What needs to be done: Copy every entry below exactly as it appears, leaving out the images.

Short descriptive text snippets:
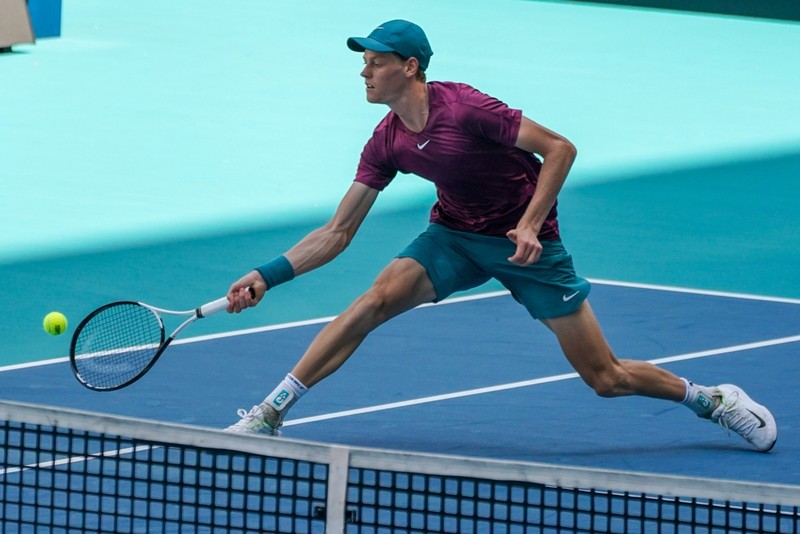Featured Post Image - Jannik Sinner Breaks Longstanding Novak Djokovic ATP Masters Record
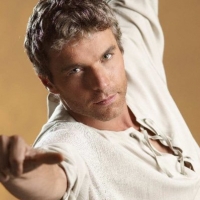 Didier Van Der Hove1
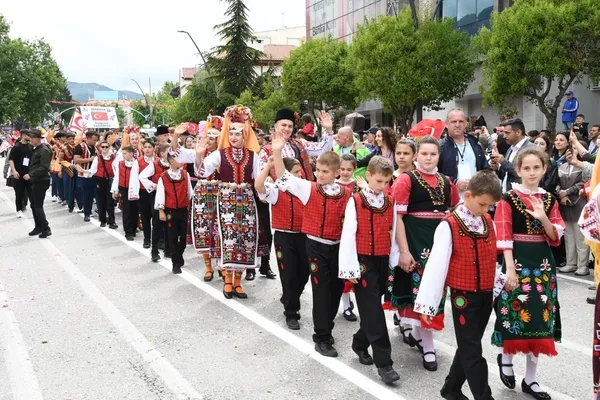 gulun-diyari-ispartada-festival-coskusu-start-aliyor-1779286338087.jpg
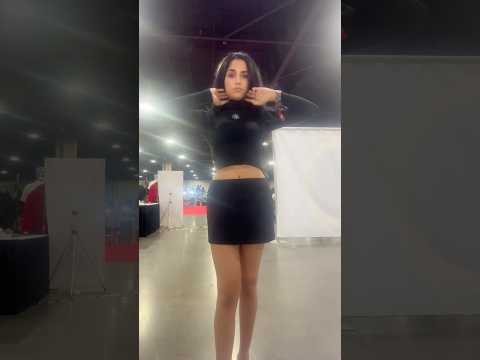 Love this outfit 💞 #ilovefriday #aqsa #smokehijabi #musician #music #theweeknd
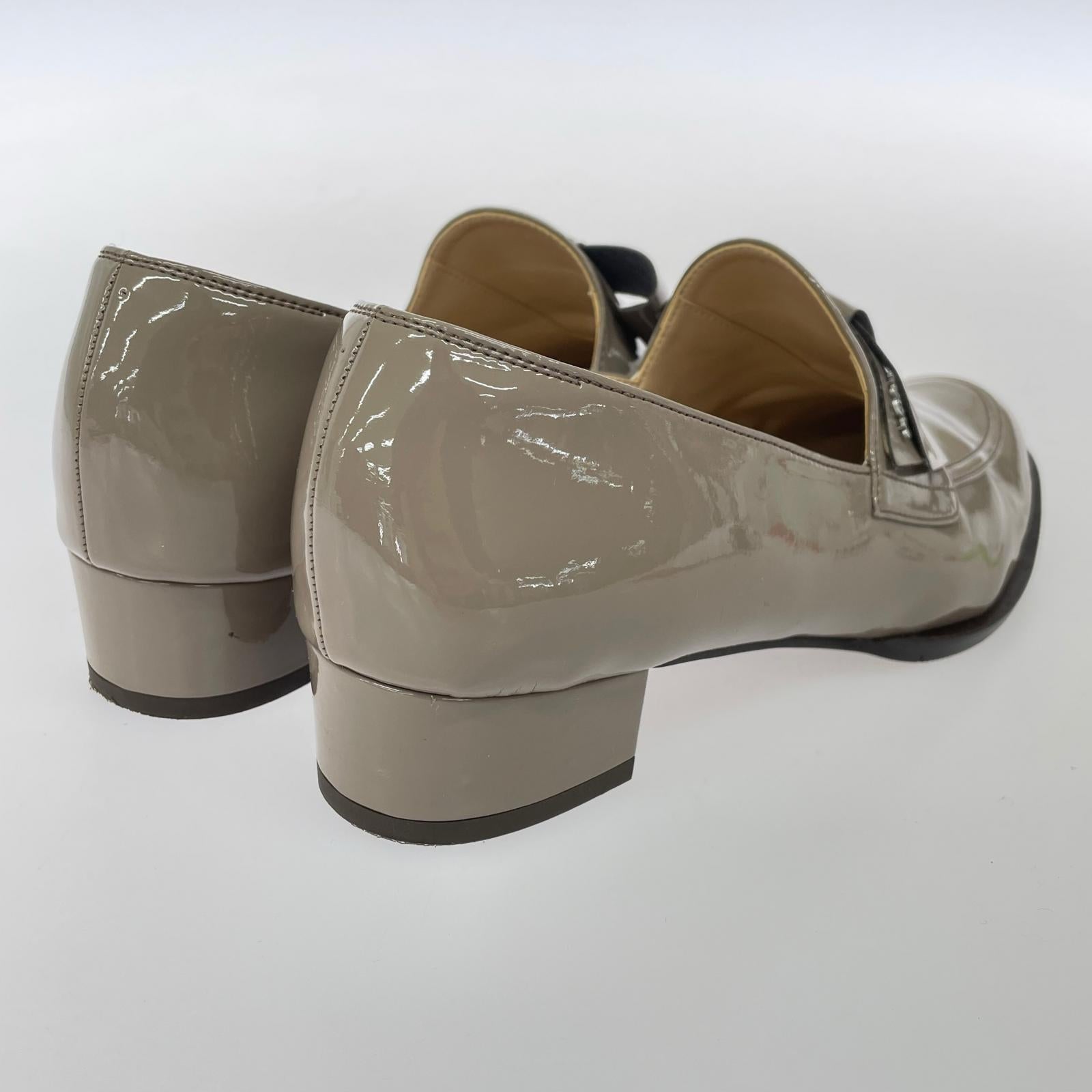 パンプス パテントレザー リボン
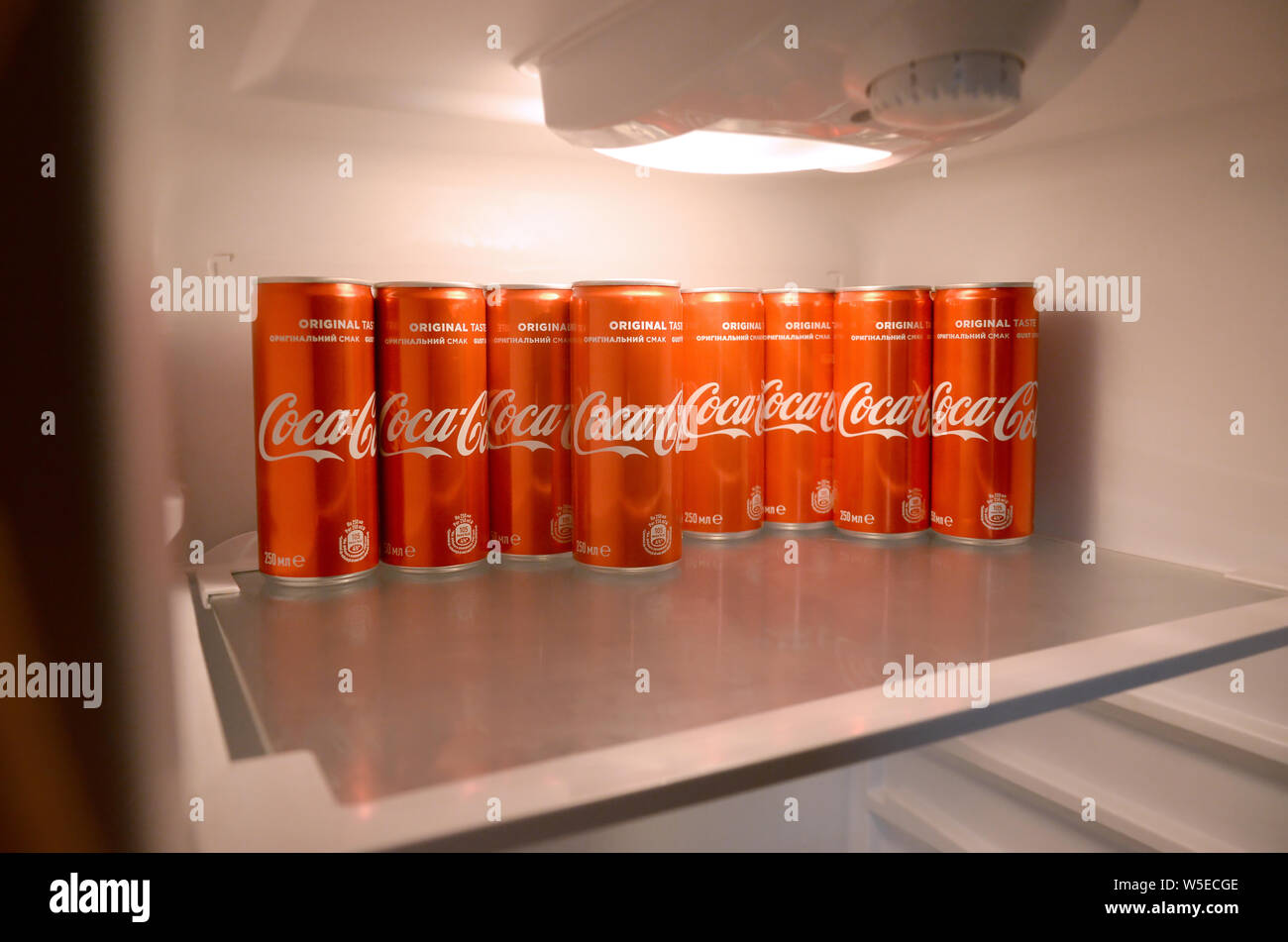 Charkow, Ukraine - 15. JULI 2019: Coca-cola rot Getränkedosen in inländischen cooler Kühlschrank. Coca Cola ist bekannt und weltberühmten Kohlensäure soda nicht Stockfoto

Response below:
Featured Post Image - Jannik Sinner Breaks Longstanding Novak Djokovic ATP Masters Record
 Didier Van Der Hove1
 gulun-diyari-ispartada-festival-coskusu-start-aliyor-1779286338087.jpg
 Love this outfit 💞 #ilovefriday #aqsa #smokehijabi #musician #music #theweeknd
 パンプス パテントレザー リボン
 Charkow, Ukraine - 15. JULI 2019: Coca-cola rot Getränkedosen in inländischen cooler Kühlschrank. Coca Cola ist bekannt und weltberühmten Kohlensäure soda nicht Stockfoto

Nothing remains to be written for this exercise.